Uomo pio e timorato di Dio, terminate le sue attività quotidiane, amava ritirarsi in solitaria preghiera in una piccola grotta lungo la collina sovrastante l’ospizio, vicino ad un torrentello che sgorgava tra Oregina e San Barnaba. Il rivo scorreva a cielo aperto e sfociava nel mare nei pressi dell’antico approdo di Capo d’Arena, intitolato poi, a Santa Limbania.
Numerosi i miracoli di cui è stato protagonista: aver salvato una nave da un naufragio e trasformato acqua in vino, questi ed altri prodigi, raccontati da un ciclo di piccoli affreschi dipinti sulla navata di sinistra della chiesa Inferiore, nei resti della cappella a lui intitolata.
Ma il più celebre di questi episodi fantastici è noto come “Il Miracolo di S. Ugo”:
leggenda narra che, desideroso di accontentare le lavandaie del nosocomio che per pulire i loro panni erano costrette a percorrere in salita un tragitto lungo e faticoso, fece scaturire da un masso del fossato una fresca e zampillante sorgente.
Le inservienti infatti lamentavano la scarsità d’acqua che si accumulava nel fossato solo dopo lunghi giorni di pioggia. Fu così che il Santo, dopo ripetute preghiere, fece sgorgare dal sasso una polla perenne, utile non solo alle domestiche, bensì a tutta la popolazione dei paraggi.
Di fatto la Piazza davanti alla stazione di Porta Principe, chiamata “Acquaverde”, prende il nome dallo stagno formato da quel rivo.
Nella seconda metà dell’800, in seguito ai lavori di costruzione ed ingrandimento dello scalo ferroviario, questi luoghi della memoria sono stati sepolti e distrutti ma la sorgente, in un primo momento scomparsa, non si è arresa all’oblio dei tempi ed ha ripreso a sgorgare rigogliosa.
La polla esiste tuttora e rifornisce la fontanella posta in Via Prè, vicino all’ingresso della chiesa Superiore di S. Giovanni e, all’interno della stazione, i bagni e le utenze della stessa.
La fonte, per secoli, è stata ritenuta possedere virtù taumaturgiche e i luoghi del Santo venerati e onorati dalla cittadinanza con l’erezione di una cappella a questi dedicata.
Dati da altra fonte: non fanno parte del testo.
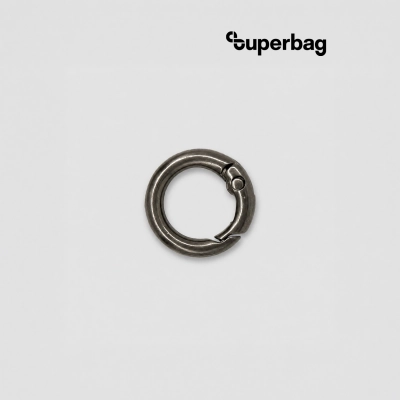 
                                                Carabiner Ring for Gear Attachment, 2cm (Black Nickel)
                                                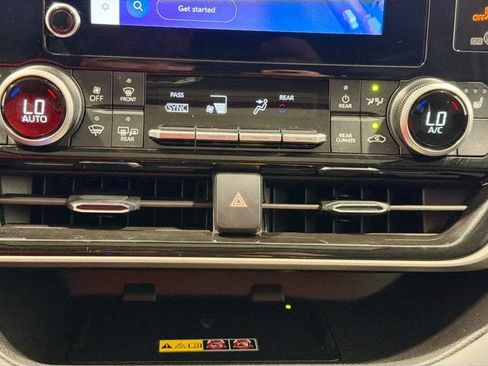 Certified 2025 Toyota Highlander XLE FWD image 16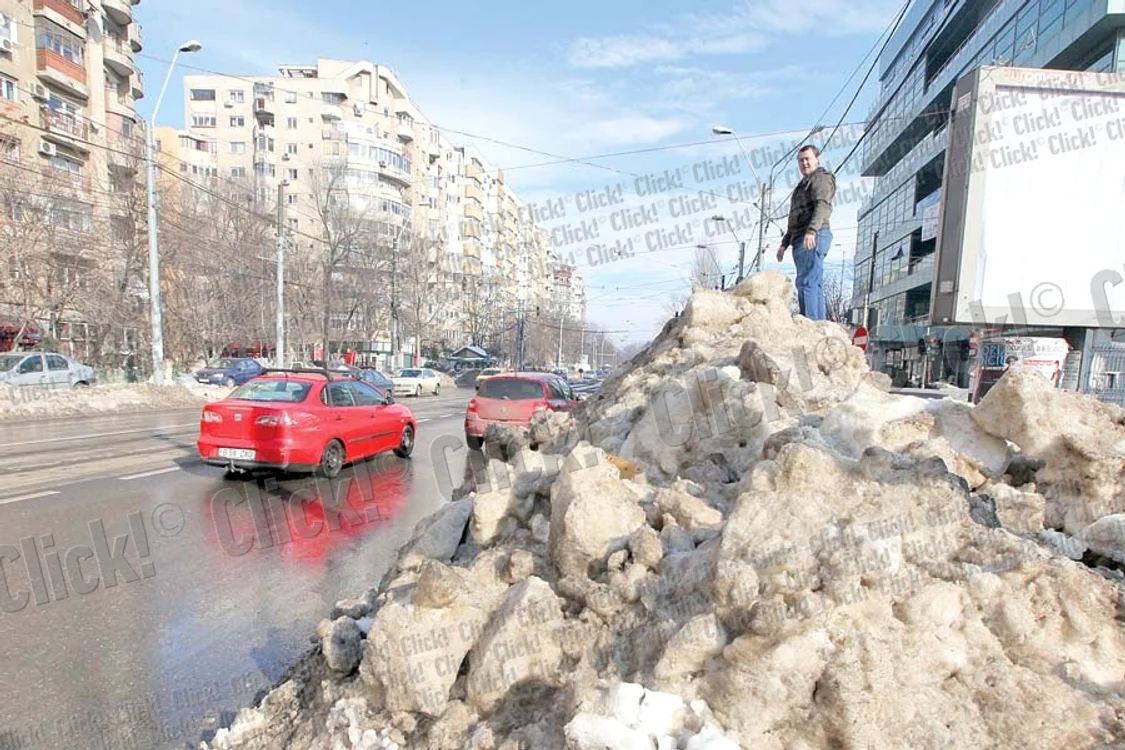 
    Bulevardul Ghencea: Munţii de zăpadă cu  noroi blochează de-a  valma locurile de  parcare şi trotuarele  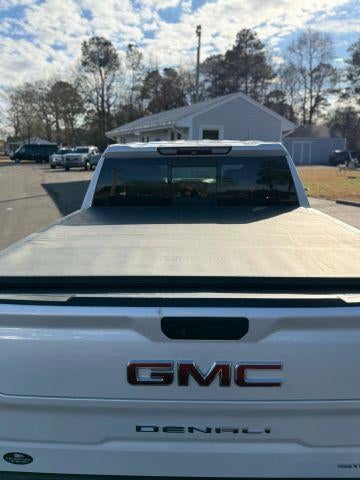 2019 GMC Sierra 1500 Crew Cab Short Box 4-Wheel Drive Denali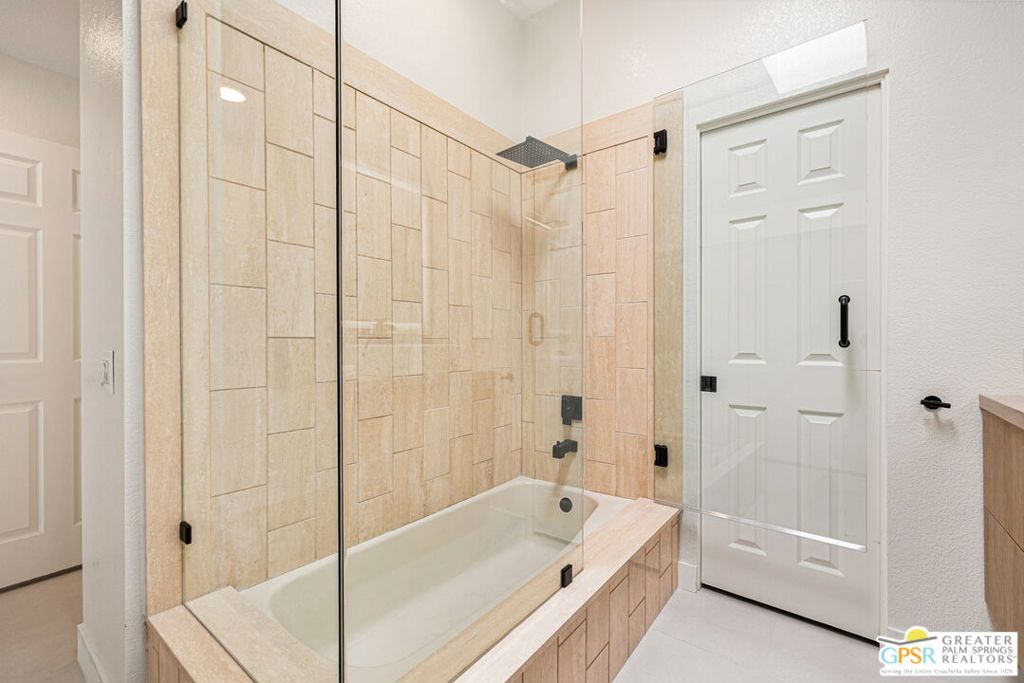 33 N Mirage Cove Drive Property Photo 62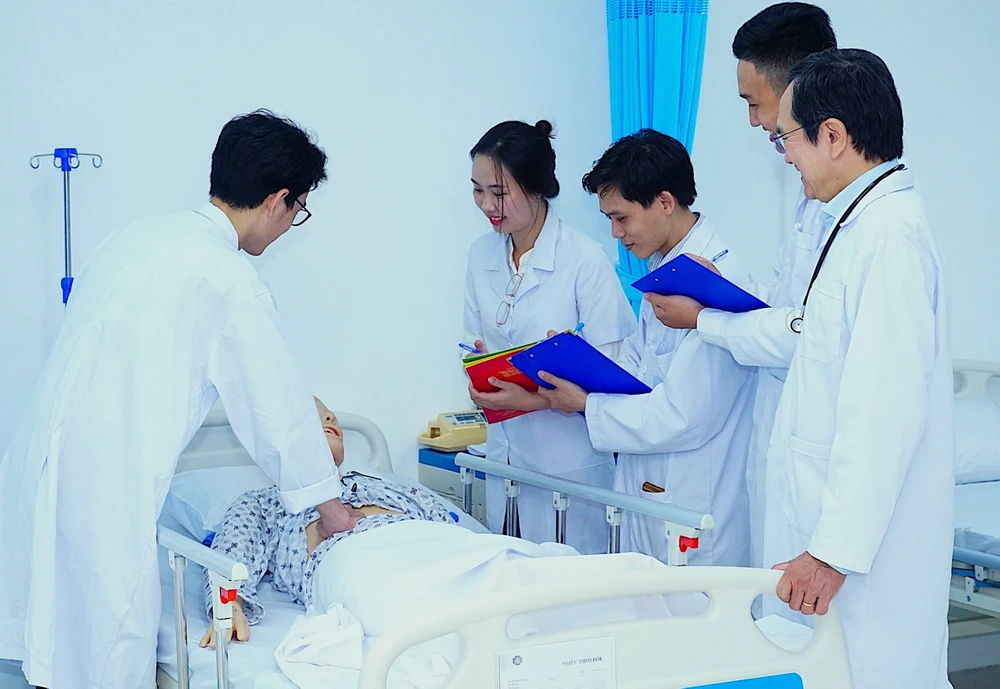 Sinh viên khối ngành sức khỏe Trường Cao đẳng Đại Việt Sài Gòn trong giờ học thực hành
Il miracolo di S. Ugo è egregiamente rappresentato da un settecentesco quadro di Lorenzo De Ferrari custodito, sopra un altare laterale, nella chiesa Superiore di S. Giovanni. Se l’edificio Inferiore merita assolutamente menzione per la magica (cappelle di S. Brigida e S. Margherita) atmosfera in cui è avvolto, non da meno è il tempio Superiore, l’ultima splendida testimonianza di una chiesa interamente costruita in pietra nera di Promontorio, la pietra indigena proveniente dalla cava di S. Benigno, luoghi dell’anima dove, con un po’di fantasia, si possono ancora ascoltare il metallico scalpitio dei cavalieri, i lamenti dei malati, le urla di Cardinali assassinati, lo sferragliare dei Crociati, le arringhe dell’Embriaco e… le preghiere di S. Ugo.
Da bambina una vecchia zia mi raccontava la vita dei Santi più conosciuti, ma non sapevo niente di Sant’ Ugo. Mi è piaciuto molto leggere della sua vita e dei suoi miracoli e sapere che la fonte sgorgata per un suo miracolo esista ancora adesso.